The US just laid out its plans for the future of space and took a big shot at China’s ambitions in the process.
The head of the Chinese lunar exploration program recently described space like it was the South China Sea, an area Beijing has seized with force and militarized after wrecking the environment to build new islands.
The US is the only power strong enough to stop Beijing in the South China Sea — or in space.
Space is full of chokepoints and strategic locations that China could pin down and establish control of.
The US is locked in fight to maintain an edge on China to keep space free and open.
When Vice President Mike Pence set forth the US’s vision for the future of space exploration and combat, he took a not-so-subtle shot at China, signaling a coming space race between the world’s two biggest powers.

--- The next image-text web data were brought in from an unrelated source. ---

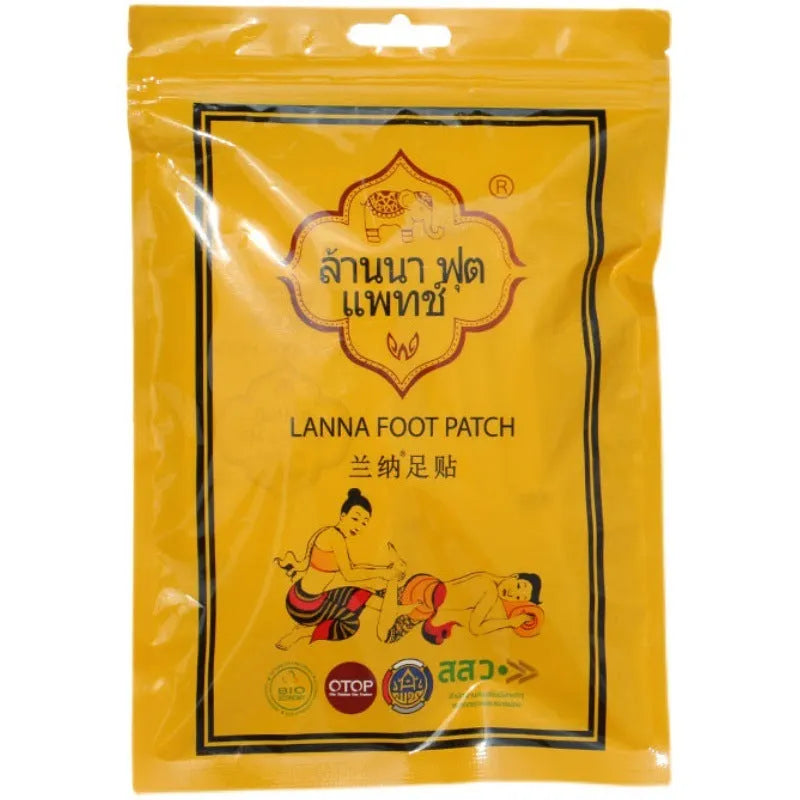 Pack of 10 sticky foot patches for nourishment and fatigue relief on general skin types.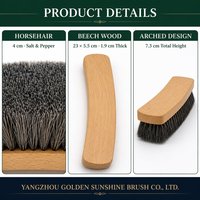 Brosse de nettoyage pour chaussures en crin de cheval naturel, brosse à chaussures en bois cintrée, brosse de soin pour cuir brun foncé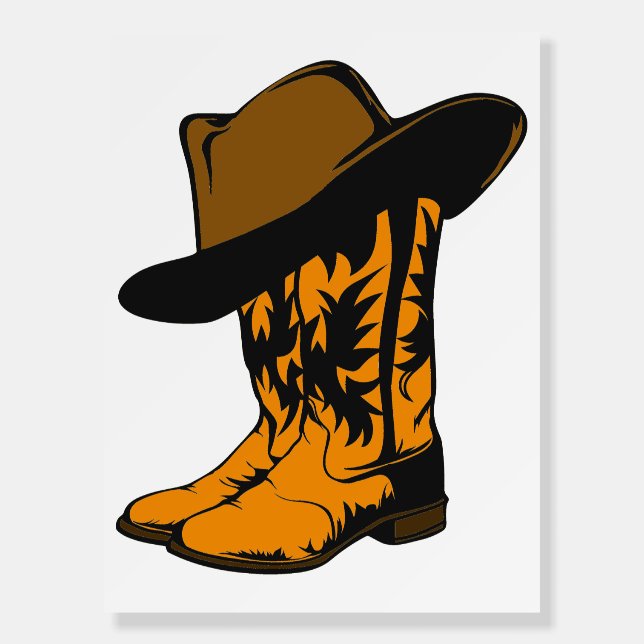 Cowboy Boots with Hat Foam Board (Front)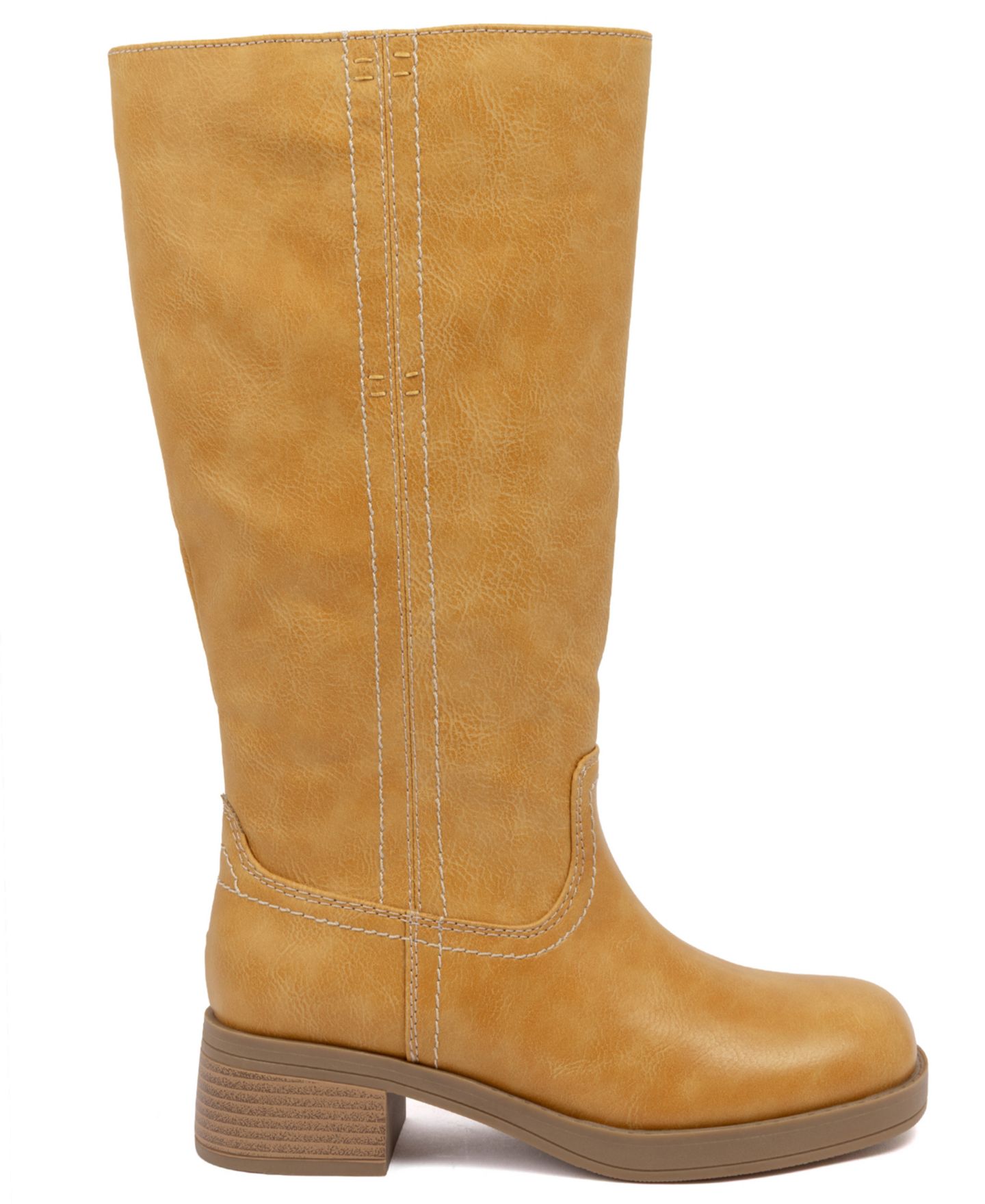 Женские ботинки Sugar Hayzel Mid Shaft Moto Stacked-Heel Booties, цвет: Banana — фото 2
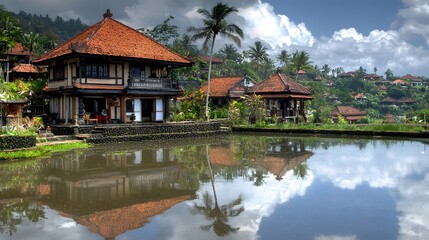 Obraz premium Traditional Balinese houses reflected in serene rice paddies under a cloudy sky.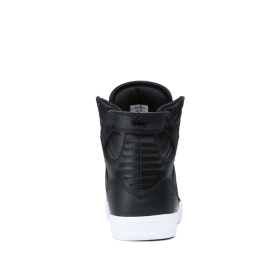 Supra Mens SKYTOP Black/White High Top Shoes | CA-78727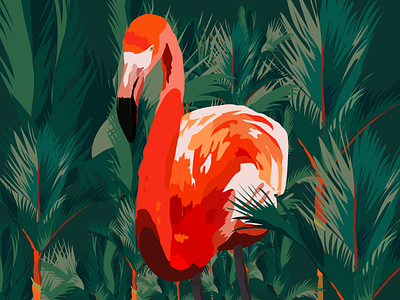 Flamingo adobe branding design flat graphic design illustration illustrator minimal vector wacom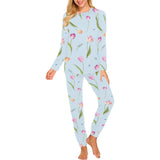 Watercolor Tulips pattern Women's All Over Print Pajama Set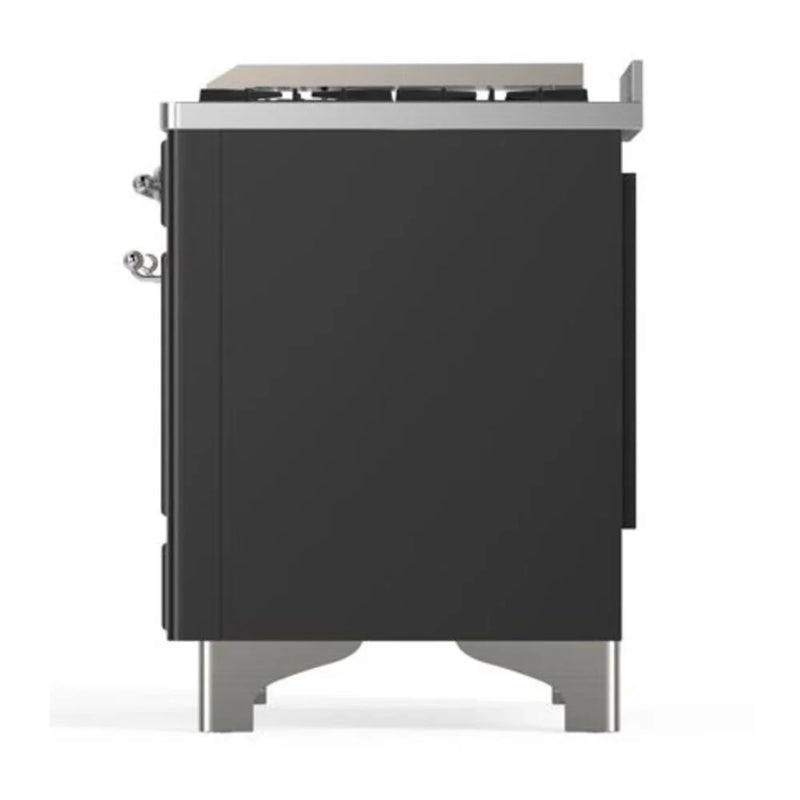 ILVE Majestic II 40" Dual Fuel Freestanding Range in Graphite Matte with Chrome Trim, UMD10FDQNS3MGC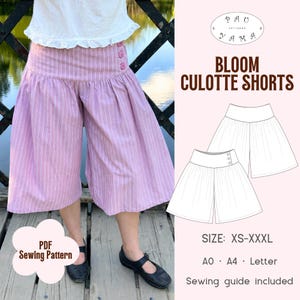 May include: Pink and white striped culotte shorts featuring a high waistband and three pink buttons on the side. The image includes text reading Bloom Culotte Shorts, PDF Sewing Pattern, and size range XS-XXXL with A0, A4, and Letter format options.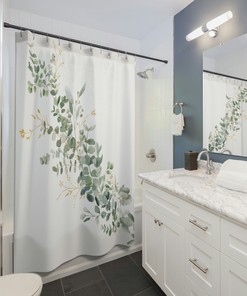 Eucalyptus Botanical Boho Shower Curtain for Farmhouse Cottagecore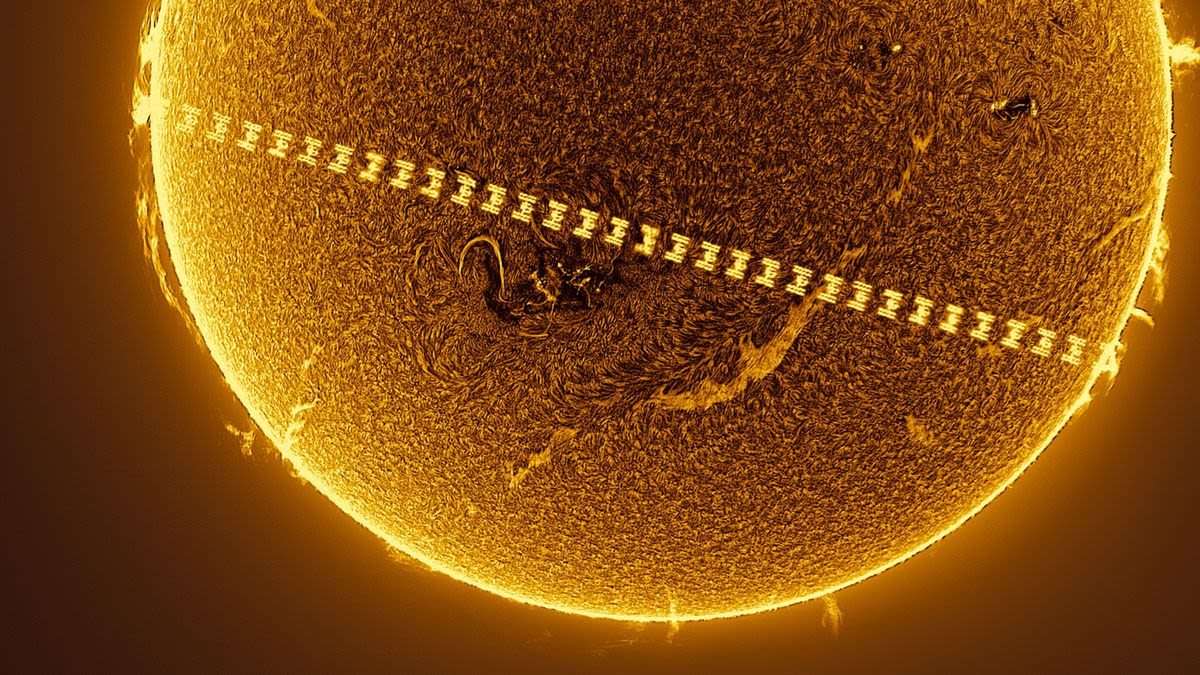 See the sun rage behind the ISS in epic time-lapse photo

First, Pence brought up a 2007 Chinese shooting down of its own satellite as a “highly provocative demonstration of China’s growing capability to militarize space” (but the US has satellite-killing missiles too).
But the real dig at China that hints at the future of space conflict came in more subtle fashion.
“While other nations increasingly possess the capability to operate in space, not all of them share our commitment to freedom, to private property, and the rule of law. So as we continue to carry American leadership in space, so also will we carry America’s commitment to freedom into this new frontier,” Pence said.
Pence also mentioned Russia, but one of the “other” nations at the top of Pence’s mind is China, where space exploration has boomed and Beijing has already started talking about celestial bodies as if they’re a birthright.
Here’s Ye Peijian, the head of the Chinese lunar exploration program, last year:
“The universe is an ocean, the moon is the Diaoyu Islands, Mars is Huangyan Island. If we don’t go there now even though we’re capable of doing so, then we will be blamed by our descendants. If others go there, then they will take over, and you won’t be able to go even if you want to. This is reason enough.”
Ye’s mention of the Diaoyu Islands, which the Japanese also claim and contest, and the Huangyan Island, which the Philippines also claim and contest, recall Beijing’s behavior in the South China Sea, where it has discarded international law in favor of its own strength and power to intimidate.
China unilaterally, and in violation of international law, claims 90% of the South China Sea, a massively resource-rich shipping lane and maritime chokepoint. It has heavily militarized artificial islands it built there at tremendous cost to the environment. If Beijing locked down the South China Sea, it could consolidate much of Asia’s live blood under the de-facto control of its authoritarian government.